FPF releases Issue Brief on Brazil’s Digital ECA: new paradigm of safety & privacy for minors online
This Issue Brief analyzes Brazil’s recently enacted children’s online safety law, summarizing its key provisions and how they interact with existing principles and obligations under the country’s general data protection law (LGPD). It provides insight into an emerging paradigm of protection for minors in online environments through an innovative and strengthened institutional framework, focusing on how it will align with and reinforce data protection and privacy safeguards for minors in Brazil and beyond.
This Issue Brief summarizes the Digital ECA’s most relevant provisions, including:
● Broad extraterritorial scope: the law applies to all information technology products and services aimed at or likely to be accessed by minors, with extraterritorial application.
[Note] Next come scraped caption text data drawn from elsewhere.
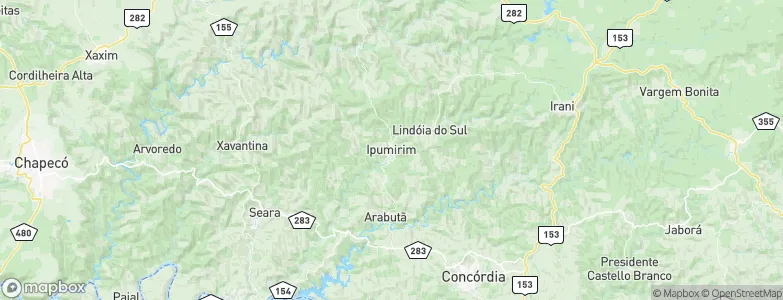 Ipumirim, Brazil Map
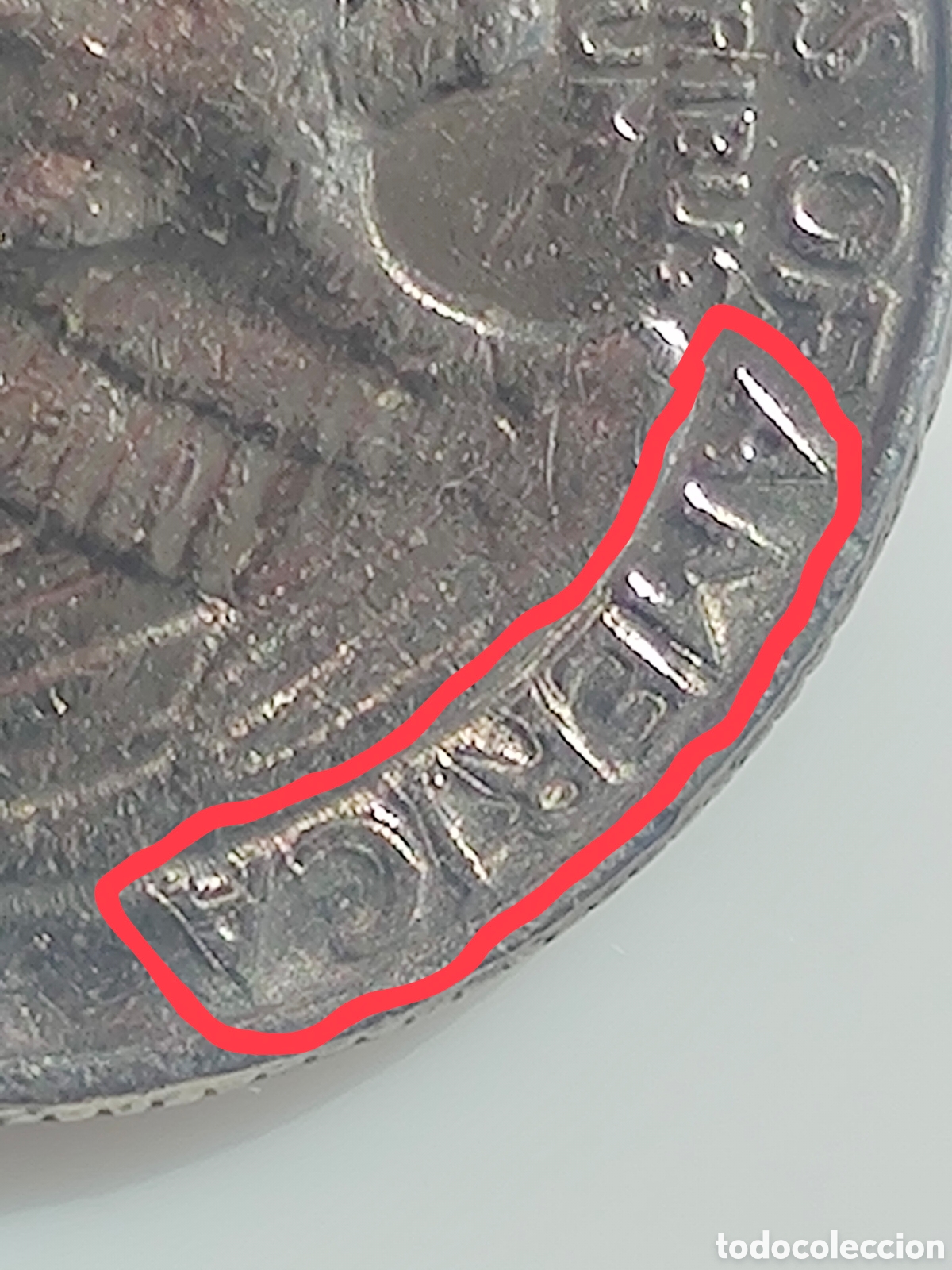 Material numism&aacute;tico: Liberty 1983 con fallos de acu&ntilde;ado - Foto 5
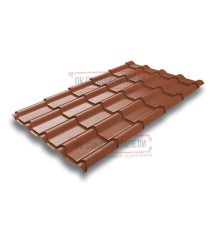 Металлочерепица Камея RAL8004 Velur-0.5
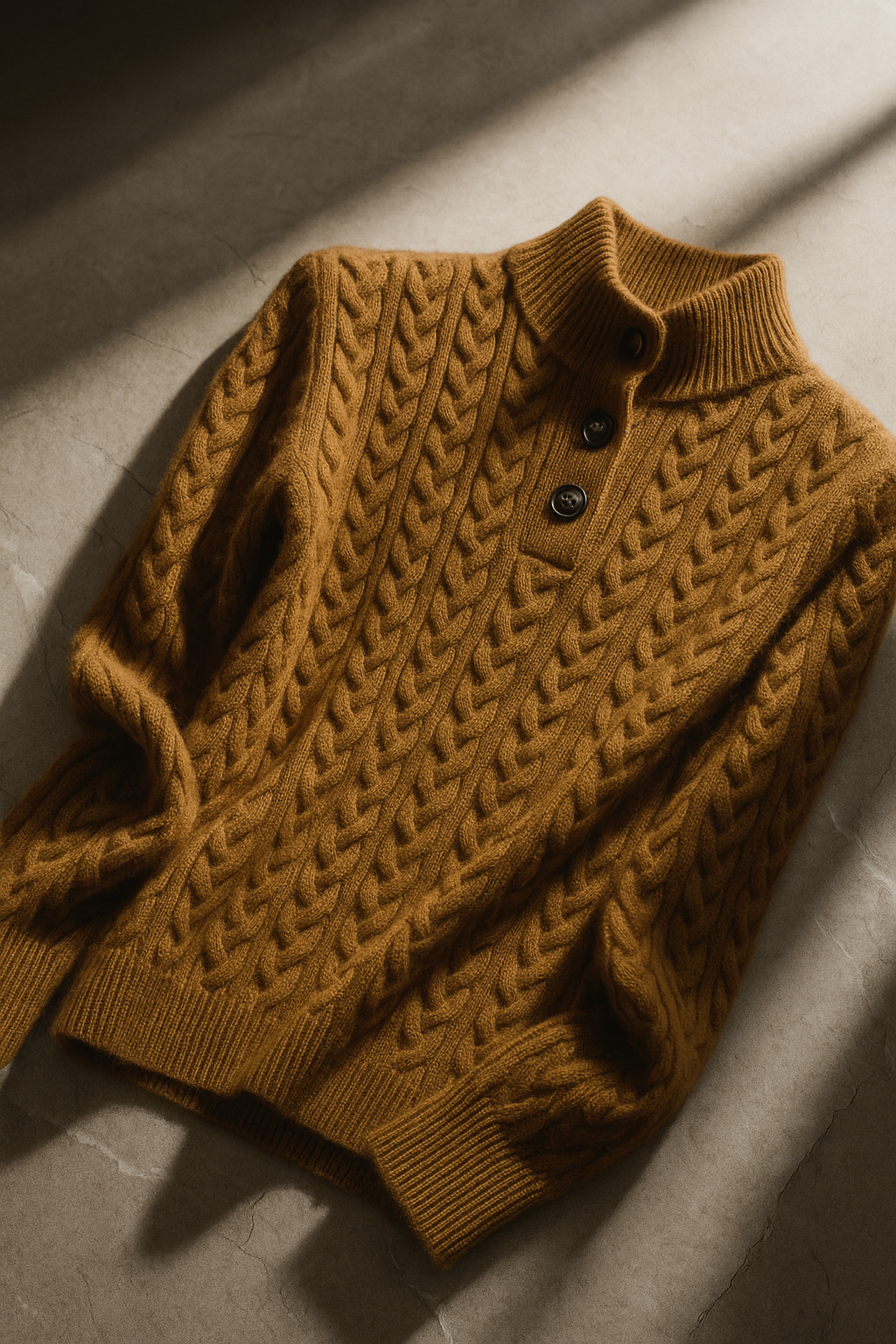 Nora Button Collar Knit Pullover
● “Likelihood of access” of a technology service or product as a novel standard, composed of three elements: attractiveness, ease of use, and potential risks to minors.
● Provisions governed by the principle of the “best interest of the child,” requiring providers to prioritize the rights, interests, and safety of minors from the design and throughout their operations.
● Online safety by design and by default, mandating providers to adopt protective measures by design and monitor them throughout the operation of the service or product, including age verification mechanisms and parental supervision tools.
● Age rating as novelty, requiring providers to maintain age rating policies and continuously assess their content based on such rating.
● Enforcement of the law is assigned to the ANPD, which was transformed into a regulatory agency with increased and strengthened powers to monitor its compliance, in addition to its responsibilities under the data protection law.
● Significant sanctions under the Digital ECA, which can range from warnings and fines up to 10% of a company’s revenue to the permanent suspension of activities in Brazil.